Task prompt:
Find "Motorcycle and Scooter" and "Efficient Gas Cartridge" in the records below. Copy the lines holding them and every line between, exactly, and no others.

(Records from a data source)
----------------

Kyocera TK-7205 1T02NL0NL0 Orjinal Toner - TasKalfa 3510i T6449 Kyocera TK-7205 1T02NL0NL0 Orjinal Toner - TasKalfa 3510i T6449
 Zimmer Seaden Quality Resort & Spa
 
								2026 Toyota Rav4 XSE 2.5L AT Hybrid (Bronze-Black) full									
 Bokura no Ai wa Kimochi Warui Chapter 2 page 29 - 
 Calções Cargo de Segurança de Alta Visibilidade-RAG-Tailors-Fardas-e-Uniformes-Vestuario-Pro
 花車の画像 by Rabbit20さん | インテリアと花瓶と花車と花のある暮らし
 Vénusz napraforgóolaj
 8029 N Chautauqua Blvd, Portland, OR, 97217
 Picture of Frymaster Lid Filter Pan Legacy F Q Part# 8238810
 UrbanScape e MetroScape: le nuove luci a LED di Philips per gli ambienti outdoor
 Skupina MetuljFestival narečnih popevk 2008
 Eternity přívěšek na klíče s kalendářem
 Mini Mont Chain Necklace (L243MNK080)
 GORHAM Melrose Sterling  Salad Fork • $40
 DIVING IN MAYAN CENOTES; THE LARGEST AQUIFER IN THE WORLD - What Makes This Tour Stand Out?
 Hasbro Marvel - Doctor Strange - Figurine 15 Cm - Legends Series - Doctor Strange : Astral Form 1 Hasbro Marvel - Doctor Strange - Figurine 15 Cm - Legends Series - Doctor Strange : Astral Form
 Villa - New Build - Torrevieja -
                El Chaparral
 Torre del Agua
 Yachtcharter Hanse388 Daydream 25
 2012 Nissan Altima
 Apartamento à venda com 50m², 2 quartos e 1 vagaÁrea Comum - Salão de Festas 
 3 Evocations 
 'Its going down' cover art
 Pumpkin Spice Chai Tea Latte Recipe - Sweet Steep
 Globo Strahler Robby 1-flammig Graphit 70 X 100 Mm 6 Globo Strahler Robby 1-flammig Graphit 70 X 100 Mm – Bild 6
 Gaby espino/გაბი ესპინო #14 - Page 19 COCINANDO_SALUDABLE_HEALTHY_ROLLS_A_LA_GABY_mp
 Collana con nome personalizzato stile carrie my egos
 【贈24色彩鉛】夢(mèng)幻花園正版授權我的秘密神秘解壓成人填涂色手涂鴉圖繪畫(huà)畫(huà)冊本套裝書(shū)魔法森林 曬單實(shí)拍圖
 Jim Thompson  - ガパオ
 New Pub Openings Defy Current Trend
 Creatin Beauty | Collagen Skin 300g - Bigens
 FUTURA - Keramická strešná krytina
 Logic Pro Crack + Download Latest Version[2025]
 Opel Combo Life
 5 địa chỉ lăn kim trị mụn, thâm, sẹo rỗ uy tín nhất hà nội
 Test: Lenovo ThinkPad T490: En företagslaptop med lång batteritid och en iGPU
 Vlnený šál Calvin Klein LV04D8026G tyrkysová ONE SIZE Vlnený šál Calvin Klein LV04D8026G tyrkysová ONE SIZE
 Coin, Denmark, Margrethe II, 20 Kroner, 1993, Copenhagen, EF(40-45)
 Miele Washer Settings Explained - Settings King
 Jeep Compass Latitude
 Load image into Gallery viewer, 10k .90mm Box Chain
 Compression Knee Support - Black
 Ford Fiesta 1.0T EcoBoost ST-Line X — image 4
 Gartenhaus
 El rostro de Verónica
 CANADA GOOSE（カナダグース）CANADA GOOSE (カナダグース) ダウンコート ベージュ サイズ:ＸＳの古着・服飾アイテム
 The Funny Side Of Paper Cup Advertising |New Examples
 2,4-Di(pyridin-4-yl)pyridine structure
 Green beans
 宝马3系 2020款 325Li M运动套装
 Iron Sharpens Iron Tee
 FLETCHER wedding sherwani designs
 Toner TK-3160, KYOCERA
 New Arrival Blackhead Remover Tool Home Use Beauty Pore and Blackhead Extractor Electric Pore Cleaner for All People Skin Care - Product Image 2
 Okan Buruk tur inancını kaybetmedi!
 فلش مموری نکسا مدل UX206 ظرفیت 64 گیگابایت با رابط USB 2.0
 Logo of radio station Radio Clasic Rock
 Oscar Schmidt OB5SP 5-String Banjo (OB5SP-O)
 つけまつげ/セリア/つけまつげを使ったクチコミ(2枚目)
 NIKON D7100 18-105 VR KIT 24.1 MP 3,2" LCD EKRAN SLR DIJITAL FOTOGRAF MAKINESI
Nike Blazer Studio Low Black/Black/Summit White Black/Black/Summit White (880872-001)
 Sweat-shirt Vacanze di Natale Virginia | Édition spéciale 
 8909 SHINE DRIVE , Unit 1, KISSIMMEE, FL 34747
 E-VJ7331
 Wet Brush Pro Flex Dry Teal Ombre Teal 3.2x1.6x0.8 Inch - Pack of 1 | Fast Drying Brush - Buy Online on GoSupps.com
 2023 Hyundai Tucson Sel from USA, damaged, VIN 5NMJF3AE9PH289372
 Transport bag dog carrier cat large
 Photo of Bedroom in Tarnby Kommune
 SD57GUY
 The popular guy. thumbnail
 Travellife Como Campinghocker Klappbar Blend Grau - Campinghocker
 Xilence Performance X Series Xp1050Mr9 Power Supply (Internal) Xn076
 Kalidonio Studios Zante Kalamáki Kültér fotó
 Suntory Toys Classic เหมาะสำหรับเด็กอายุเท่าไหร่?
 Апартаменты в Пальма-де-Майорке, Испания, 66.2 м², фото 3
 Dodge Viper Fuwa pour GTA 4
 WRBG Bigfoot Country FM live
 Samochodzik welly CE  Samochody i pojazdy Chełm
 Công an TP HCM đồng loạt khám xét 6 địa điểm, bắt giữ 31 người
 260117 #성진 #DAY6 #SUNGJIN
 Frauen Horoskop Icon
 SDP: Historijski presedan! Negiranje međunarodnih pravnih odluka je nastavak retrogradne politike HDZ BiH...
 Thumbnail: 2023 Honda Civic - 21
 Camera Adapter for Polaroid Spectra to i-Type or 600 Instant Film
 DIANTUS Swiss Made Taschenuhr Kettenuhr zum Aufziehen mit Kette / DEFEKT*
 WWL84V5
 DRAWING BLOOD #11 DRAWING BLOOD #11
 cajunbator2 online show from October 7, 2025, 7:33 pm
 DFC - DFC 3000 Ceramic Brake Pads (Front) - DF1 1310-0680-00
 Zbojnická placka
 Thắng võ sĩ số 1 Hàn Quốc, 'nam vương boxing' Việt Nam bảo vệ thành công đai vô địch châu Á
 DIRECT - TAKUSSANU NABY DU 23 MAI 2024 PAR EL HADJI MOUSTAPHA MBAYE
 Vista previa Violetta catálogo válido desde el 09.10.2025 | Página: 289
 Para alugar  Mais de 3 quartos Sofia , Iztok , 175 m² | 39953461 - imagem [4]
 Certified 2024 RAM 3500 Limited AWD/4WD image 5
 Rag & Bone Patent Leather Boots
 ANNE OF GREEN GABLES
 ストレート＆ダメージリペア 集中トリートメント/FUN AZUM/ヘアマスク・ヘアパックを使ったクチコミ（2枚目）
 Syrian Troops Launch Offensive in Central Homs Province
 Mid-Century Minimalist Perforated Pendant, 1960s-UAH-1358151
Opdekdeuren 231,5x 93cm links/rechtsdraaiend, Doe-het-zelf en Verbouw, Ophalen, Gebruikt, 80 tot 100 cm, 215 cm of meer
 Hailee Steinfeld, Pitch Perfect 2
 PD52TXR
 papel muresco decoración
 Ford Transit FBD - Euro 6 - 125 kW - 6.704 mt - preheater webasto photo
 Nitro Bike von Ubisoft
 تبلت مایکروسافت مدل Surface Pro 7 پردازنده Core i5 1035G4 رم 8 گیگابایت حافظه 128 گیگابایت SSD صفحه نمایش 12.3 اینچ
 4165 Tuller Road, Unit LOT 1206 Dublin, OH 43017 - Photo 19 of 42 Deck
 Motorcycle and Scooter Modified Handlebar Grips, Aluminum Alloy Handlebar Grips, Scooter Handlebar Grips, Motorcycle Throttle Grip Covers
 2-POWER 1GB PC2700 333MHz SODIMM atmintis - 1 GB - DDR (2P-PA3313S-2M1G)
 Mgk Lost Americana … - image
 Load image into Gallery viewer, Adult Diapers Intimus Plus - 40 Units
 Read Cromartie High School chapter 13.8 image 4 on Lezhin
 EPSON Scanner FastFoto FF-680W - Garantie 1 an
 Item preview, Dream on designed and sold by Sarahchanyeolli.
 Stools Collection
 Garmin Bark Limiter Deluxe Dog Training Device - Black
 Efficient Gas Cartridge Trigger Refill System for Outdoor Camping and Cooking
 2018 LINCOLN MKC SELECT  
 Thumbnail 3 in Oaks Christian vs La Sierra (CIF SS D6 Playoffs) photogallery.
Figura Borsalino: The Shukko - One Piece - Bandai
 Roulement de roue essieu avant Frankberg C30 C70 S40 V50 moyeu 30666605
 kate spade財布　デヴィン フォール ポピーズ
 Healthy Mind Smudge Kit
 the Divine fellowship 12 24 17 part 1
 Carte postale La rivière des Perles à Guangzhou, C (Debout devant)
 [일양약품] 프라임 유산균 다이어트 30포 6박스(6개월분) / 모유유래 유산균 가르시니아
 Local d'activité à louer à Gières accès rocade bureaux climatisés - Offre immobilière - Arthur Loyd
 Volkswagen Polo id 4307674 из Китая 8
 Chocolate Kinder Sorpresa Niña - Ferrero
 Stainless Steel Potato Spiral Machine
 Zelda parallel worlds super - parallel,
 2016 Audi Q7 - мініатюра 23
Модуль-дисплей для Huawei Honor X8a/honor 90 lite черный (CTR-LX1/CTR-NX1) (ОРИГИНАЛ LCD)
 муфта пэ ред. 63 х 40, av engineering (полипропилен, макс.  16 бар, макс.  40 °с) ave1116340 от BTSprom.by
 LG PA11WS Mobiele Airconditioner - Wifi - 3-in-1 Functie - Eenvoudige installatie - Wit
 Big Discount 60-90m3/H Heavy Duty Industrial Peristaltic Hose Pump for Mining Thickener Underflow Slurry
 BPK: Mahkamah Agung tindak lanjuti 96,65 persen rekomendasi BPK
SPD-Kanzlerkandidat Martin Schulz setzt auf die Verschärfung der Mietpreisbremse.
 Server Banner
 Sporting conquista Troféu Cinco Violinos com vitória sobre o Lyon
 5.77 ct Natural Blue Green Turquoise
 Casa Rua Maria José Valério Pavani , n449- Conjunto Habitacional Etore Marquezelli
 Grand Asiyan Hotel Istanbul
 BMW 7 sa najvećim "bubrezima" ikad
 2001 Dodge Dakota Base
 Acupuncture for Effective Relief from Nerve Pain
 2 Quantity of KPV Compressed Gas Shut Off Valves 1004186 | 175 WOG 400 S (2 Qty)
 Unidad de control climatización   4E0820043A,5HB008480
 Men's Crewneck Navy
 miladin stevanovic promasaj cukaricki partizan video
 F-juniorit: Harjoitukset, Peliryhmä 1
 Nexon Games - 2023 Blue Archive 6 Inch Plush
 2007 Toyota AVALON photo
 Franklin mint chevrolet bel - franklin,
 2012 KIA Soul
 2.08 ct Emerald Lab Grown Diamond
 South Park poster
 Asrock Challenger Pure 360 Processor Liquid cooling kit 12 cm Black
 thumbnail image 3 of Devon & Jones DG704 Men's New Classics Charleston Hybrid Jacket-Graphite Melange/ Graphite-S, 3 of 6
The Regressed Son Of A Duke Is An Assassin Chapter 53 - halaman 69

----------------

Output of the task:
 Motorcycle and Scooter Modified Handlebar Grips, Aluminum Alloy Handlebar Grips, Scooter Handlebar Grips, Motorcycle Throttle Grip Covers
 2-POWER 1GB PC2700 333MHz SODIMM atmintis - 1 GB - DDR (2P-PA3313S-2M1G)
 Mgk Lost Americana … - image
 Load image into Gallery viewer, Adult Diapers Intimus Plus - 40 Units
 Read Cromartie High School chapter 13.8 image 4 on Lezhin
 EPSON Scanner FastFoto FF-680W - Garantie 1 an
 Item preview, Dream on designed and sold by Sarahchanyeolli.
 Stools Collection
 Garmin Bark Limiter Deluxe Dog Training Device - Black
 Efficient Gas Cartridge Trigger Refill System for Outdoor Camping and Cooking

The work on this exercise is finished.